Prepare deployment artifacts and configuration.

**USER CHECKPOINT:**

⚠️ **Review the deployment plan above before proceeding.**

Verify:
- [ ] Target environment is correct
- [ ] Database migrations are safe
- [ ] Rollback plan is clear

**When ready to deploy:** Click "Deploy to Production" handoff below.

handoffs:
  - label: "Deploy to Production"
    agent: deployment-agent
    prompt: "Execute deployment with user approval"
    send: false  # User must click to proceed

Mistake 8: Poor Handoff Prompt Quality

Problem: Handoff prompts are too generic, providing insufficient context for next agent.

❌ Bad examples:

prompt: "Continue"            # What should agent continue?
prompt: "Do your thing"       # What thing?
prompt: "Next phase"          # What is the next phase?

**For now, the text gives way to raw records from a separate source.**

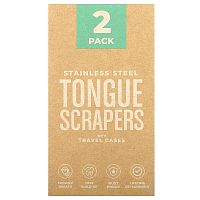 basicConcepts, Stainless Steel Tongue Scrapers, 2 Pack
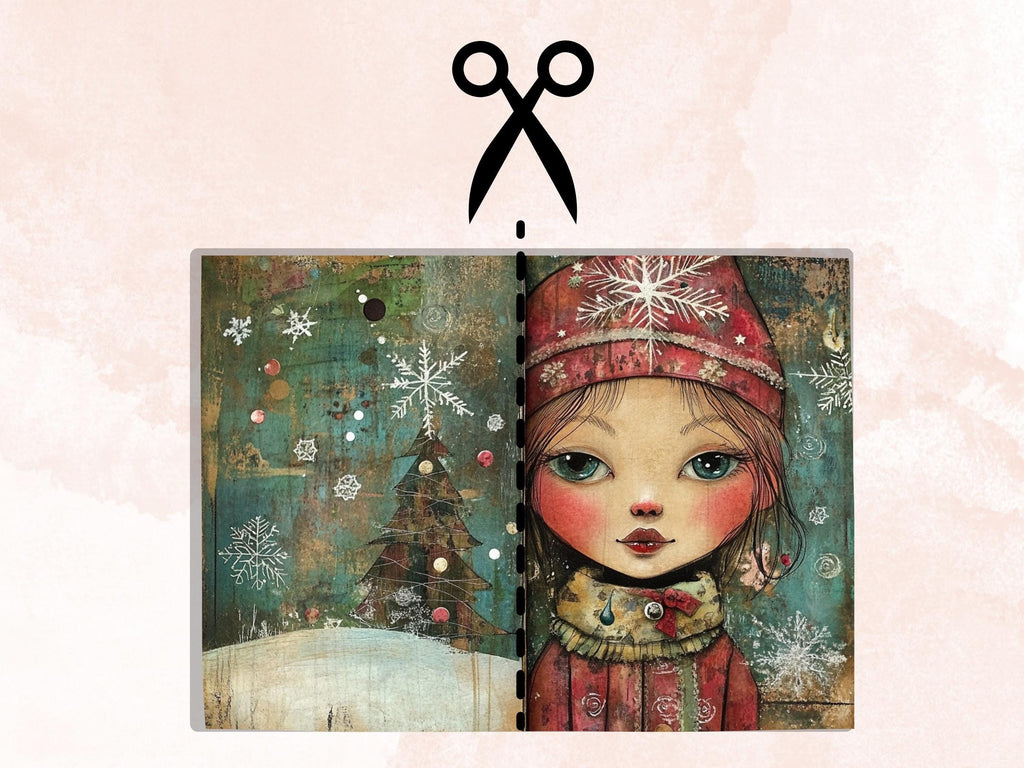 Whimsical Christmas Girl Junk Journal Kit, Double Pages Ephemera, Xmas Collage Sheet,  Christmas Scrapbook Paper, Printable Vintage ATC Card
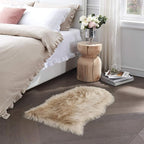 Faux Fur Rug Sofa Chairs Cover, Beige Small Rug for Bedroom, 2X3 Shaggy Furry Rugs for Kids Room, Shag Fluffy Rugs for Nursery Room, Soft Fuzzy Plush Carpet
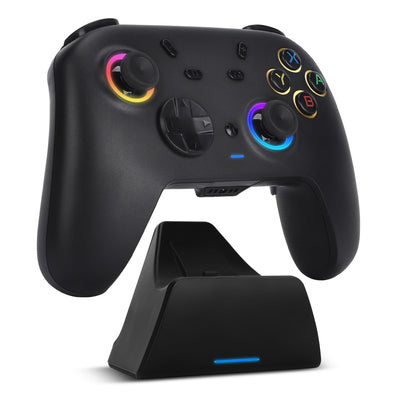 DoJoZone PC Controller Wireless mit Ladestation, Switch Pro Controller mit Hall Effekt Joystick (Kein Drift) Hall Trigger, 7 RGB Licht, 2.4G Gaming Controller für PC Windows/Switch/OLED/Lite/Steam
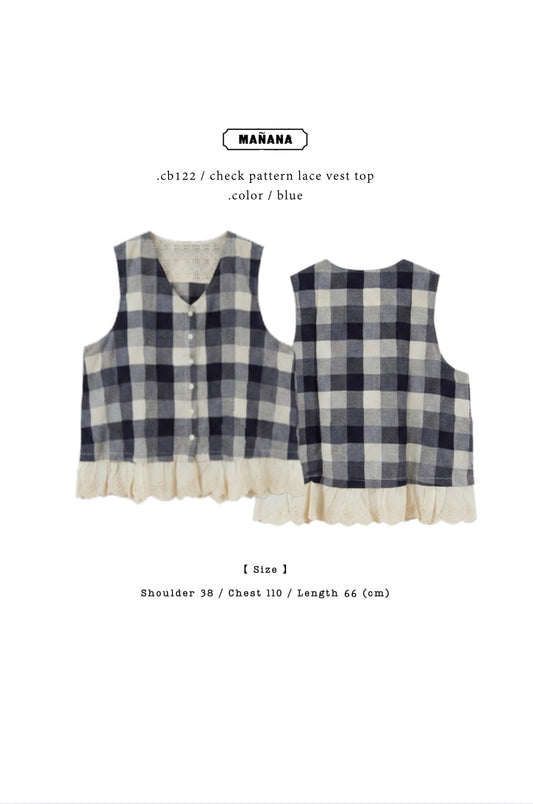 CB122 CHECK PATTERN LACE VEST TOP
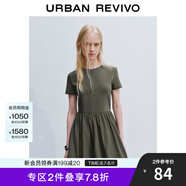 UR2025春季新款女裝簡約氣質(zhì)花苞修身短袖連衣裙UYY750015 灰綠 M
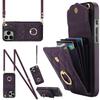 For iPhone 16 Pro Case Card Bag Leather+TPU Crossbody Phone Cover with Ring Kickstand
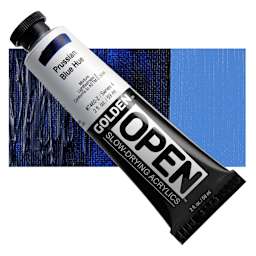 Golden Open Acrylic - Prussian Blue Hue, 2 oz Tube and swatch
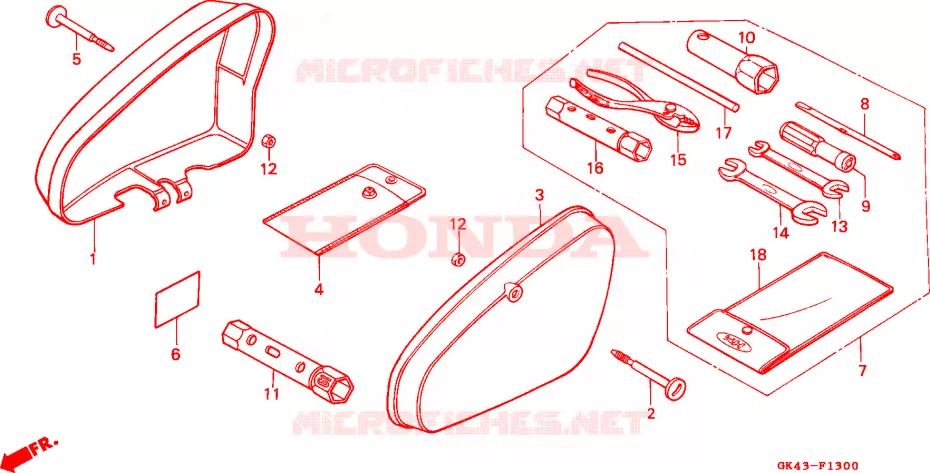 OUTILS - COUVERCLE LATERAL Honda SCOOTER 50 C50 1992  C50SN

✅ Solution: Specific, actionable handoff prompts:

handoffs:
  - label: "Generate Tests"
    prompt: |
      Create comprehensive test suite for the ${componentName} component implemented above.
      
      **Test coverage requirements:**
      - Unit tests for all public methods
      - Integration tests for component interactions
      - Edge cases: null inputs, empty arrays, error conditions
      
      **Testing framework:** Jest with React Testing Library
      
      **Success criteria:** 80%+ code coverage, all edge cases handled

Mistake 9: Ignoring Agent Execution Context

Problem: Not considering where agents run (local vs. background vs. cloud).

❌ Bad example (assumes all agents run locally):

Phase 1: @planner (local)
Phase 2: @developer (background)  # Has isolated work tree
Phase 3: @reviewer (local)         # Can't see background changes!

Problem: Background agents work in isolated work trees; local agents can’t see their changes until merged.

✅ Solution: Match workflow to execution context:

## Option 1: All local (synchronous, visible)
Phase 1: @planner (local)
Phase 2: @developer (local)
Phase 3: @reviewer (local)

## Option 2: Background with merge points
Phase 1: @planner (local)
Phase 2: @developer (background - creates PR)
  → USER reviews PR
Phase 3: @reviewer (local - after PR merged)

## Option 3: All cloud (GitHub PR workflow)
Phase 1: @pr-analyzer (cloud)
Phase 2: @security-scanner (cloud)
Phase 3: @approval-agent (cloud)

Key Takeaways

DO:

  • Let orchestrator prompt control workflow; agents execute tasks
  • Include explicit context in handoff prompts
  • Consolidate related phases (aim for 3-5, not 9+)
  • Provide fallback paths for failures
  • Use single orchestrator layer, not nested orchestrators
  • Document required agents with fallback options
  • Add user checkpoints before destructive operations
  • Write specific, actionable handoff prompts
  • Match workflow design to agent execution contexts

DON’T:

  • Split control between prompt and agent
  • Lose context between handoffs
  • Create excessively long sequential chains
  • Omit failure recovery strategies
  • Nest orchestrators multiple levels deep
  • Hardcode agent names without fallbacks
  • Auto-progress through high-risk operations
  • Use vague handoff prompts like “continue”
  • Ignore execution context differences

By avoiding these orchestration mistakes, you’ll build robust multi-agent workflows that handle complexity gracefully, recover from failures, and provide clear user control points.